New Zealand 177 for 7 (Guptill 60, Rabada 3-30) beat South Africa 145 for 8 (Behardien 36, Sodhi 2-27) by 32 runs
Scorecard and ball-by-ball details
Moonda: NZ learned their mistakes from the 1st T20
Firdose Moonda reviews the second T20I between New Zealand and South Africa
South Africa have only once successfully chased a score of 170-plus in T20 cricket, and New Zealand made sure it stayed that way. Kane Williamson's line-up put right what they did wrong two days ago, and built on their start with the bat to allow for a flourishing finish. Their attack adapted and studded South Africa's scorecard with scalps to ensure the hosts were never quite in a chase of 178.
Unlike Durban, where the temperatures stay tropical even in the dry winter, the arid air in Centurion has an effect and both teams thought that would warrant the inclusion of two specialist spinners on a parched, cracked surface. Both teams opened with a spinner, but neither got the desired result.

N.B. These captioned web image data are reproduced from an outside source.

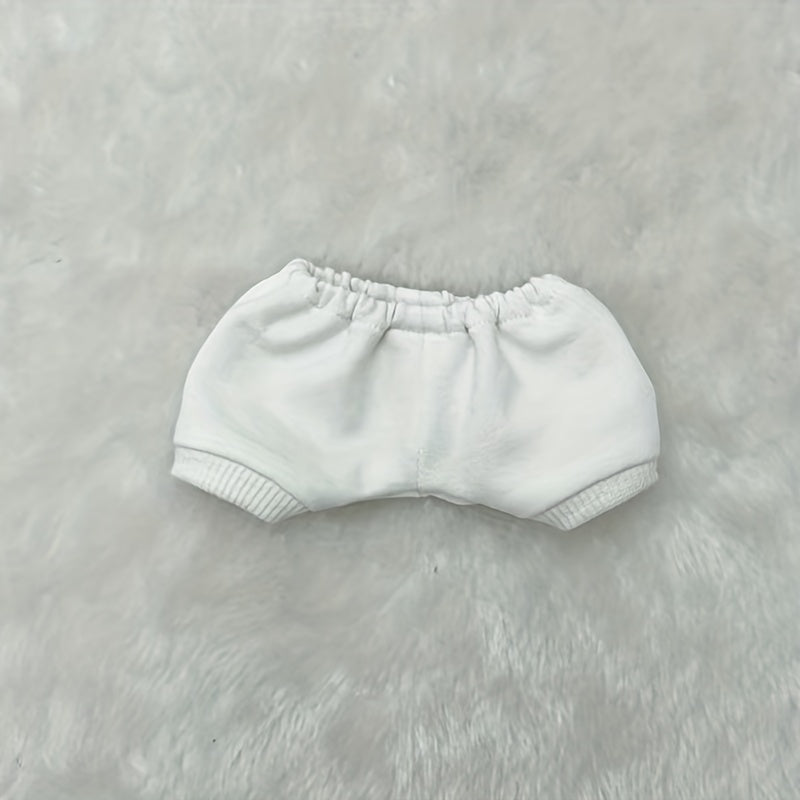 Doll Clothes Solid Sweatpants Doll Pants Christmas Toys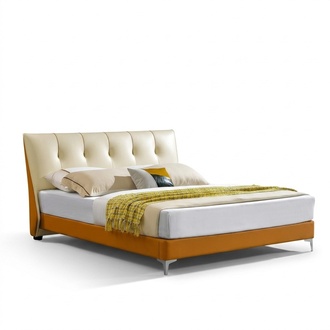 Bed upholstery design luxury double hotel beds luxury hotel 180x200 Chesterfield
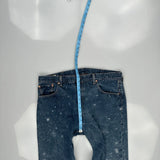 501 Levis Jeans - 40W 30L Blue Cotton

Aaron Phangiso's first ball was hammered wide of a diving AB de Villiers at cover, while Nathan McCullum's first over was boundary-less, but only because Williamson pulled off an exceptional stop and mid-off. Instead, it was a strip for seamers but only those willing to bend their backs. The short ball proved an effective weapon as Mitchell McClenaghan showed, but South Africa did not make as much use of it as they should have.
For the second match in succession, they went too full and New Zealand took advantage. The visitors scored 64 runs in the v which amounted to more than a third of their total. By contrast, South Africa only managed 26 runs down the ground and lost both Morne van Wyk and David Miller to the short ball, while only Farhaan Behardien, with a career-best 36, put up something of a fight.
Behardien was the only South African who had reason to celebrate - he also took his first T20 wicket when Martin Guptill holed out to a full toss - but by then New Zealand were already faring better than they had on Friday night.
Kagiso Rabada and Kyle Abbott provided plenty that was pitched up, and Williamson and Guptill plundered runs over their heads. Their partnership was worth 50 when Williamson sliced Rabada to deep third man and when Guptill was dropped two overs later, New Zealand looked ready to replay their Kingsmead collapse.
But South Africa were unable to enforce the same squeeze. Guptill was on 38 when Miller put him down, and he added another 22 runs to his score, mostly by taking on the spinners. He brought up his sixth T20 fifty - the only one of the game - with a slog sweep off Eddie Leie and breached the boundary one more time before holing out to a full-toss offered by Behardien.
Grant Elliott followed Guptill in the following over when he was trapped on the front pad by a tossed up delivery from Phangiso, but still, New Zealand did not slow down. They scored 63 runs off the last seven overs as Neesham and Colin Munro brought out an array of strokes, with Munro taking 18 runs off Abbott's third over with clean strokes down the ground.
Rabada had Neesham and Munro dismissed in consecutive balls to find himself on a hat-trick for the second time in the series. Abbott did not enjoy the same fortune, though, and went wicketless for the third international match in a row.
South Africa were never able to get on a similar roll. Van Wyk was cramped for room on the pull and caught behind in the third over, and Hashim Amla was caught at point in the fourth which meant an unsteady start.
De Villiers, Rilee Rossouw, Farhaan Behardien and Miller all had the opportunity to put that right but none showed the patience required to do that. De Villiers departed cheaply, going for one big shot too many and Rossouw, who showed proficiency against both pace and spin, came out of his crease to pull Ish Sodhi and found short midwicket which left Behardien and Miller to score 103 runs in the second half of the South Africa innings.
Scoreboard pressure increased when they found the boundary only four times in the five overs that followed and Behardien, although comfortable, through caution to the wind. He slog-swept a Nathan McCullum full toss to deep mid-wicket to begin South Africa's slide. A wicket fell in each of the next three overs as the pressure told. New Zealand offered deliveries South Africa could not resist hitting and the visitors' fielding was sharp enough to take the chances.
Behardien, David Wiese, Phangiso and Miller joined de Villiers, Rossouw, Amla and van Wyk in falling to big shots, but the lower-middle order's collapse was more dramatic. South Africa lost 4 for 19, stubbed out of the chase and were forced to share the series spoils.